Your instructions:
Could you retype every line below exactly, omitting the images?

====== Data records ======

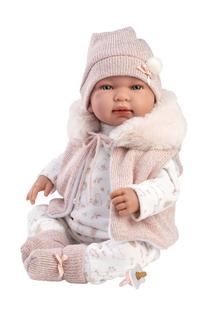 Кукла пупс Llorens 84486, 44 см, розовый цв.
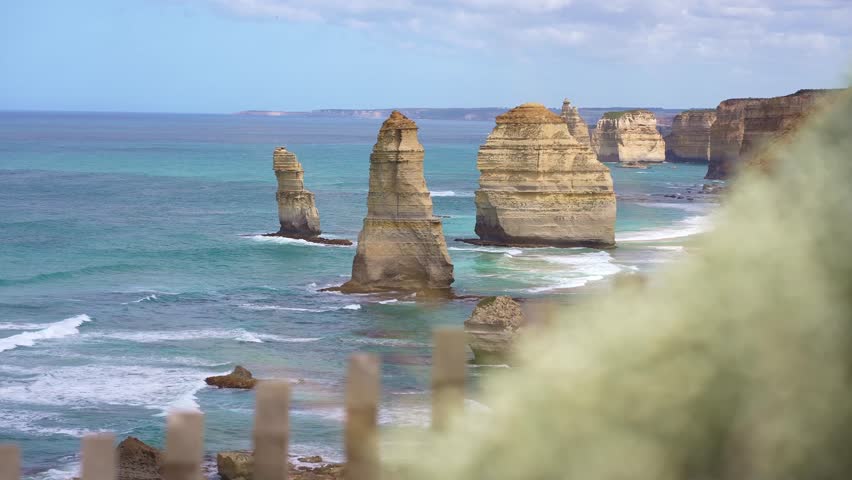 12 Apostles, Great Ocean Road, Victoria, Australia, on sunny day. Australian travel destination, tourism attraction.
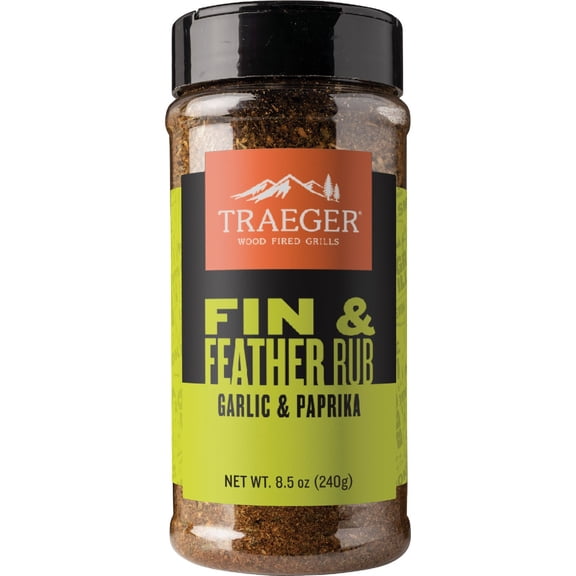Traeger Pellet Grills Fin & Feather Dry Rub - Garlic and Paprika Flavor - Original Version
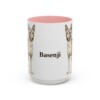 15oz Basenji Mug, Pink, front view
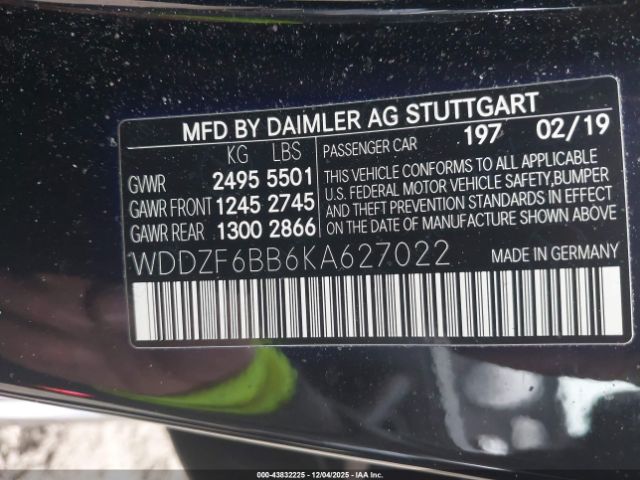 2019 MERCEDES-BENZ AMG E 53 WDDZF6BB6KA627022 Photo 8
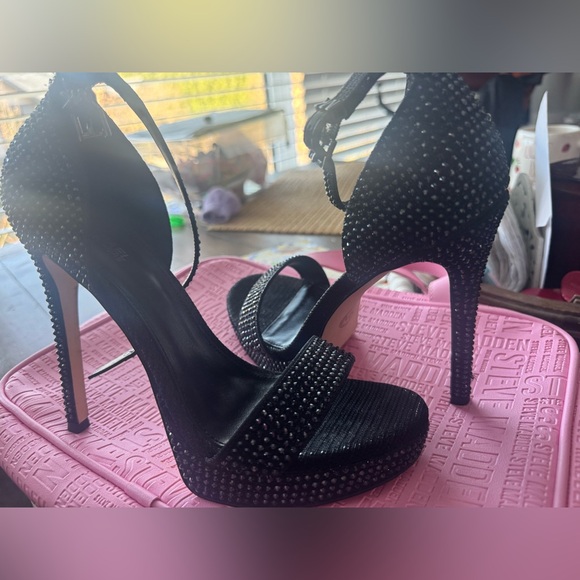 MICHAEL KORS|Rhinestones Black Stiletto Heels shiny perfect for any occasion - Picture 7 of 8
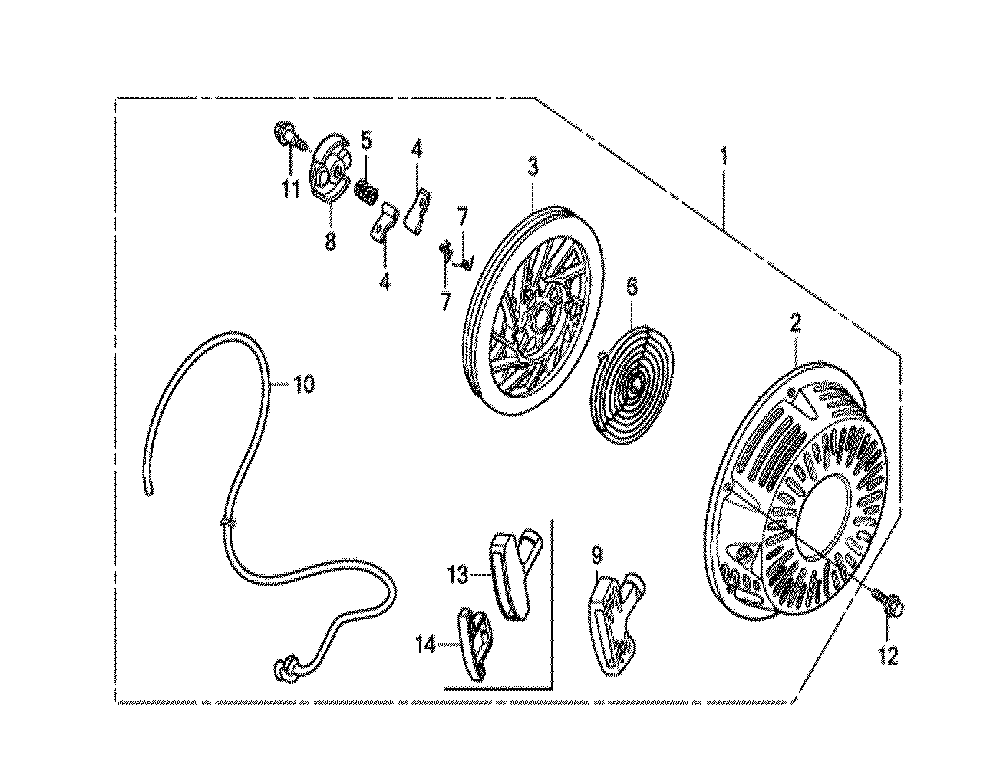 Fig-0 Diagram and Parts List for GX270U Type SMX4 Honda Engine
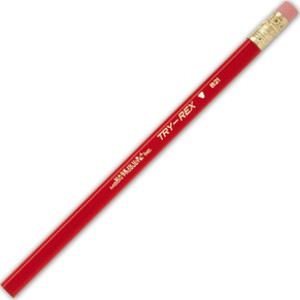 Try Rex&reg; Pencil, Jumbo With Eraser, Pack of 12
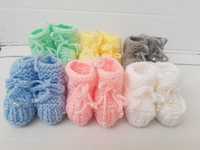Botinhas de tricô/malha para bebé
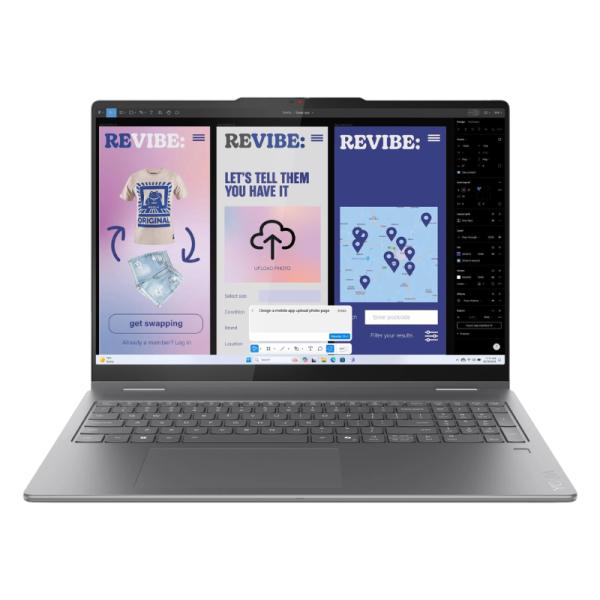 Laptop Lenovo yoga 7I 2 en 1 16ILL10 inglés 16 pulg. Intel Ultra 7 256V 16GB RAM LPDDR5X 512GB SSD Intel arc 140V sin RGB touch win 11 Home 83JT0047US
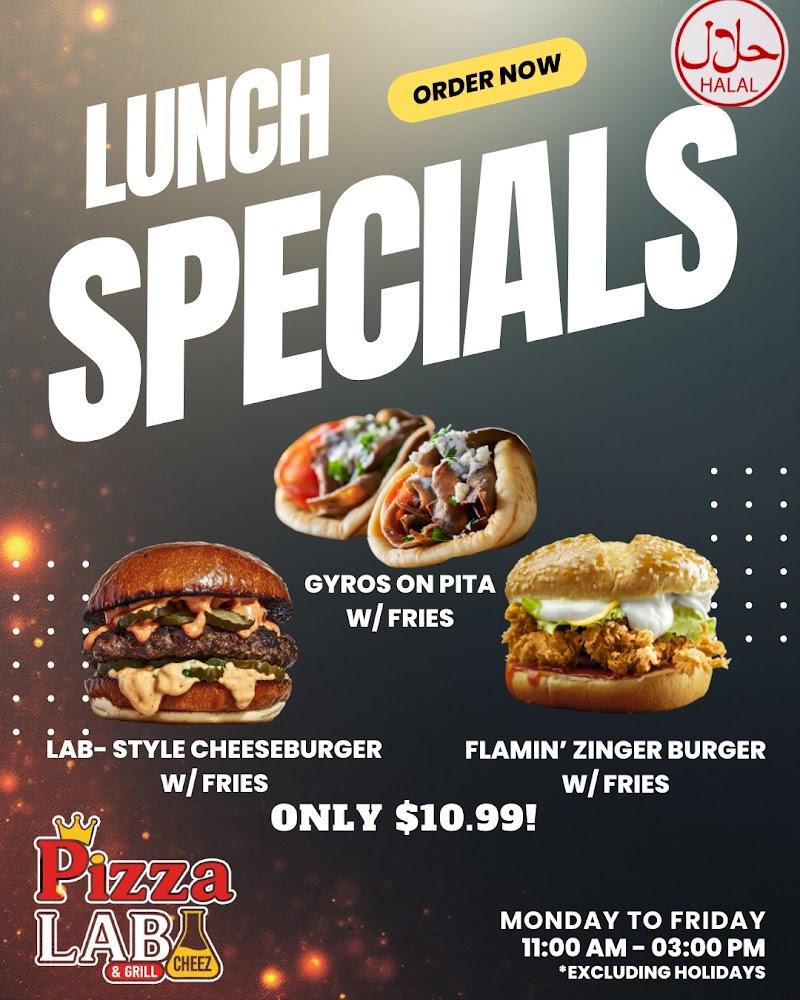 Pizza Lab and Grill Menu image 2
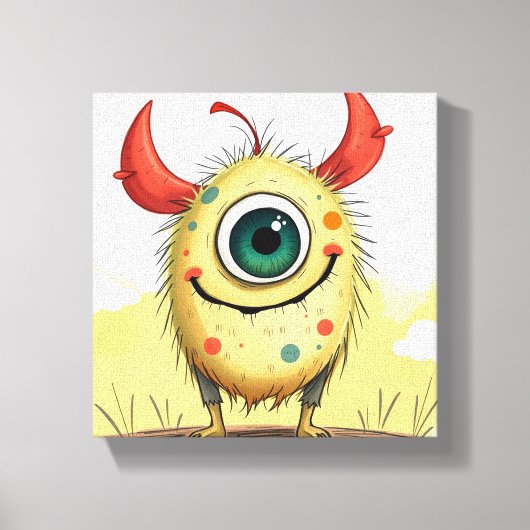 „Pünktchen das Einauge“ Leinwanddruck (Vorderseite)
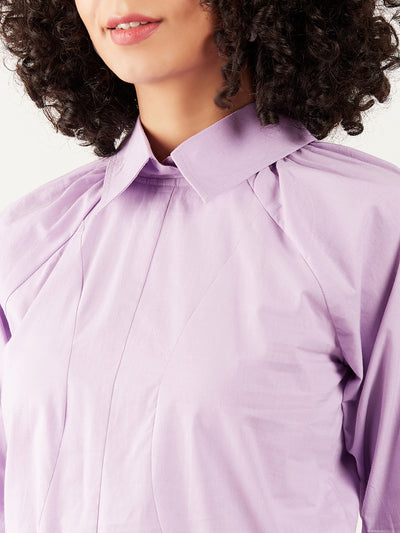 Athena Cotton Shirt Style Top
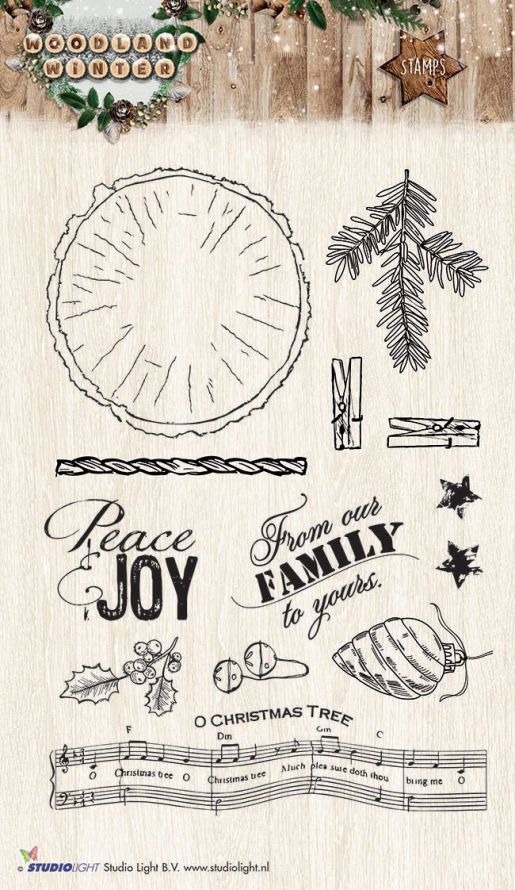 Woodland Winter - Clear Stempel - A6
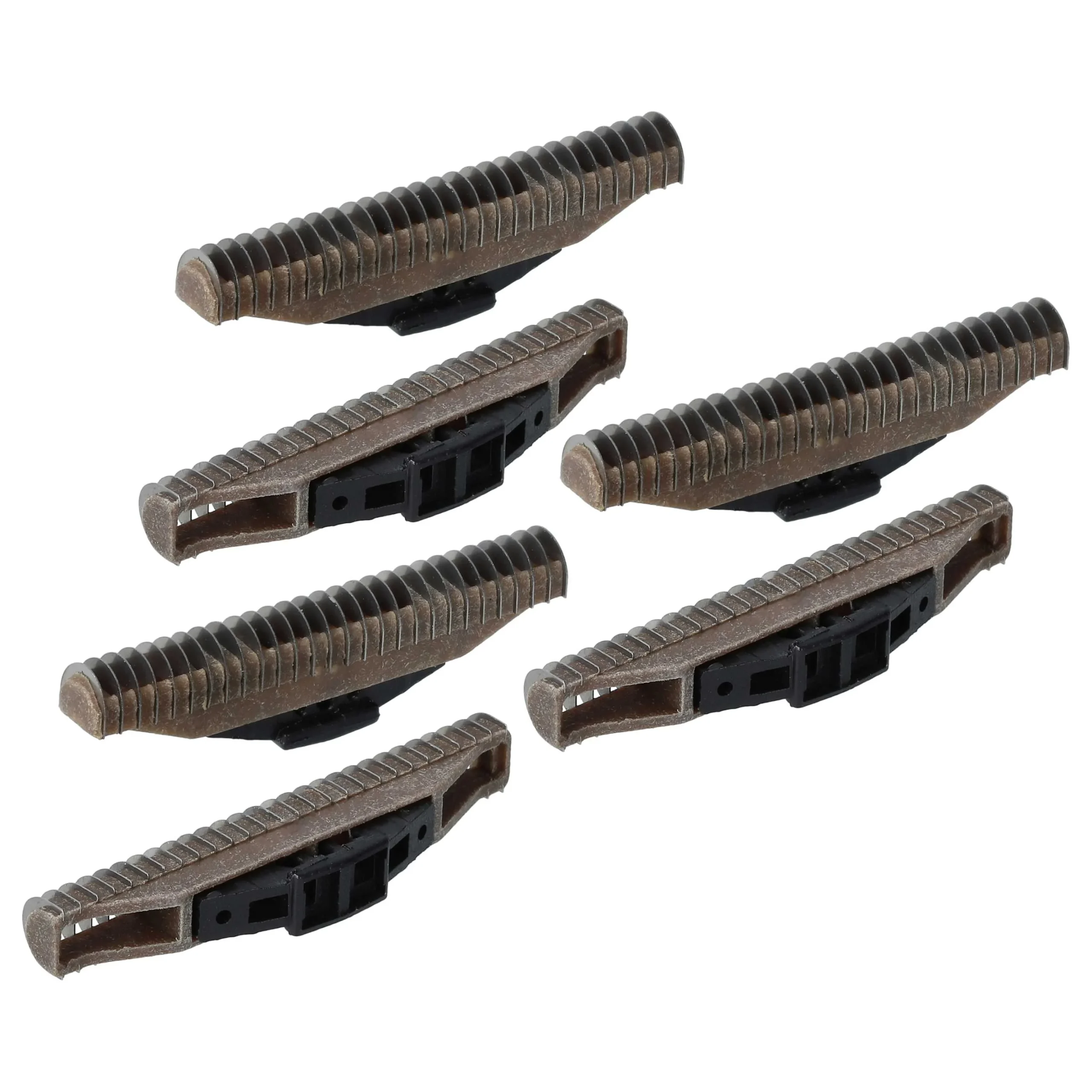 6x bloc de lames pour Grundig - noir / argenté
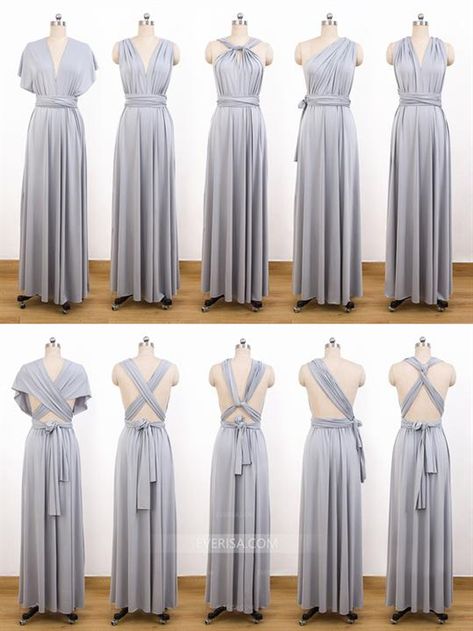 Debut Court, Pregnant Gown, Infinity Dress Tutorial, Multi Way Bridesmaid Dress, Infinity Dress Ways To Wear, Bridesmaid Infinity Dress, Infinity Dress Styles, Vestido Convertible, Infinity Gown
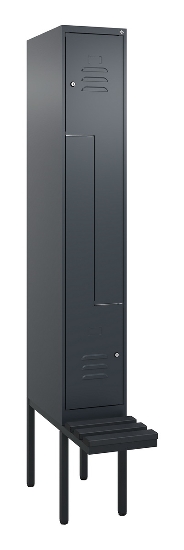 C+P Z-Spind Classic PLUS 0800437-306 schweb.Bank 6 Pers./3 Abt. 300mm Drehriegel (HxBxT) 2120x900x815mm k7016/7035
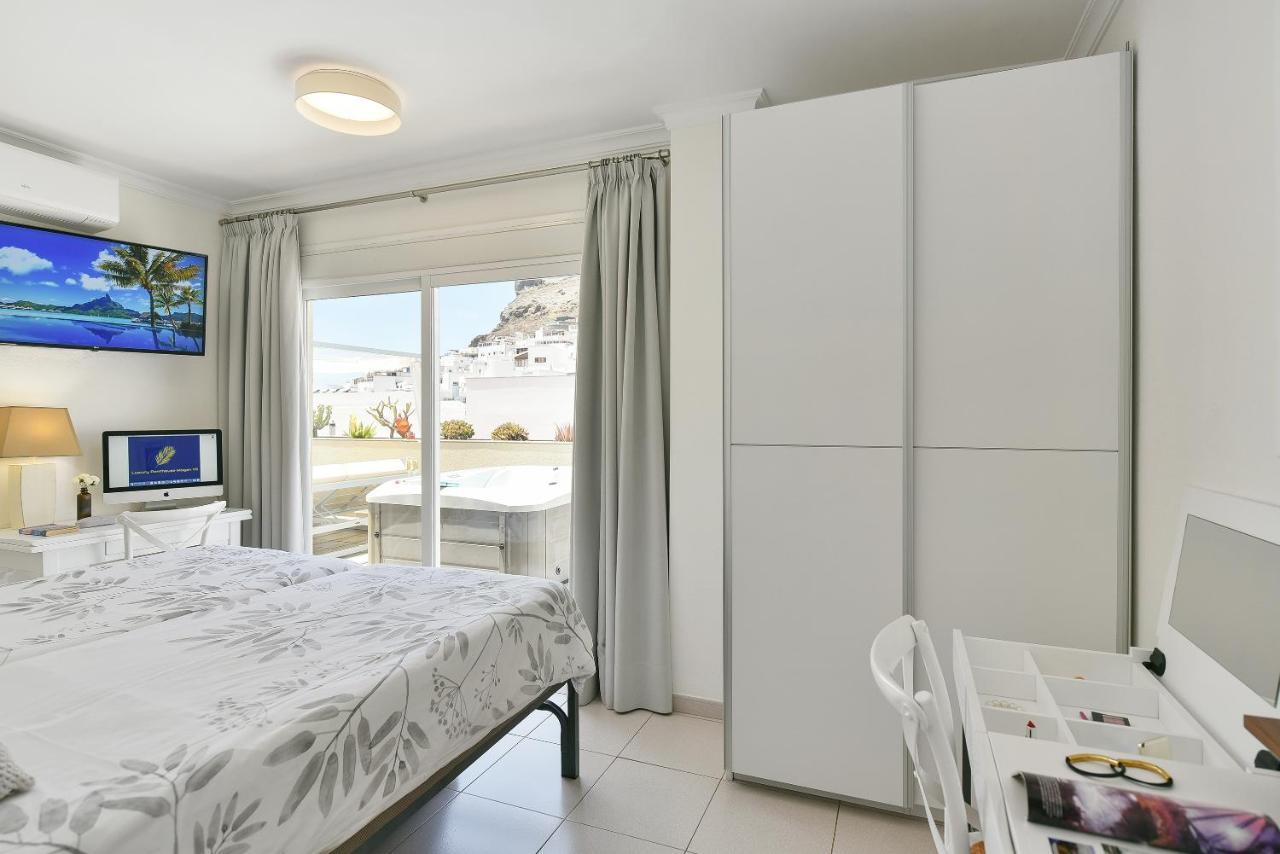 Apartamento Luxury Penthouse Mogan VII Puerto De Mogan Exterior foto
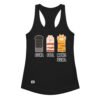 Camiseta de gatos para mujer PIEDRA, PAPEL, MUERTE SEGURA en color negro, vista plana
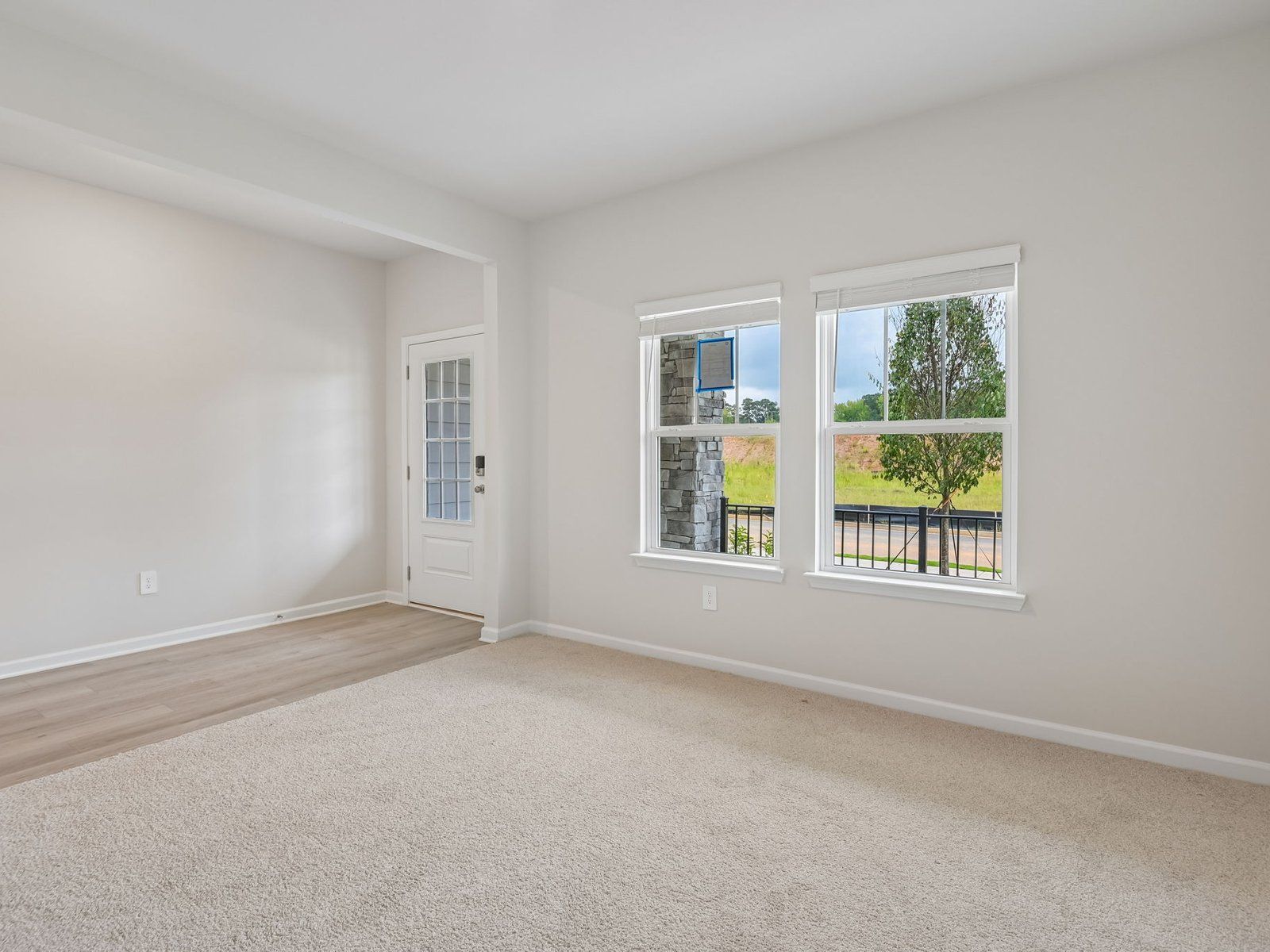 The Finesse White interior package modeled at Harmony Manor.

======

Result for this task:
 Кукла пупс Llorens 84486, 44 см, розовый цв.
 12 Apostles, Great Ocean Road, Victoria, Australia, on sunny day. Australian travel destination, tourism attraction.
Traeger Pellet Grills Fin & Feather Dry Rub - Garlic and Paprika Flavor - Original Version
 15oz Basenji Mug, Pink, front view
 2019 MERCEDES-BENZ AMG E 53 WDDZF6BB6KA627022 Photo 8
 MICHAEL KORS|Rhinestones Black Stiletto Heels shiny perfect for any occasion - Picture 7 of 8
 Fig-0 Diagram and Parts List for GX270U Type SMX4 Honda Engine
 Try Rex&reg; Pencil, Jumbo With Eraser, Pack of 12
Botinhas de tricô/malha para bebé
 Laptop Lenovo yoga 7I 2 en 1 16ILL10 inglés 16 pulg. Intel Ultra 7 256V 16GB RAM LPDDR5X 512GB SSD Intel arc 140V sin RGB touch win 11 Home 83JT0047US
 Pizza Lab and Grill Menu image 2
 „Pünktchen das Einauge“ Leinwanddruck (Vorderseite)
 Athena Cotton Shirt Style Top
 Woodland Winter - Clear Stempel - A6
 6x bloc de lames pour Grundig - noir / argenté
 Debut Court, Pregnant Gown, Infinity Dress Tutorial, Multi Way Bridesmaid Dress, Infinity Dress Ways To Wear, Bridesmaid Infinity Dress, Infinity Dress Styles, Vestido Convertible, Infinity Gown
 C+P Z-Spind Classic PLUS 0800437-306 schweb.Bank 6 Pers./3 Abt. 300mm Drehriegel (HxBxT) 2120x900x815mm k7016/7035
 Apartamento Luxury Penthouse Mogan VII Puerto De Mogan Exterior foto
 Camiseta de gatos para mujer PIEDRA, PAPEL, MUERTE SEGURA en color negro, vista plana
 The Finesse White interior package modeled at Harmony Manor.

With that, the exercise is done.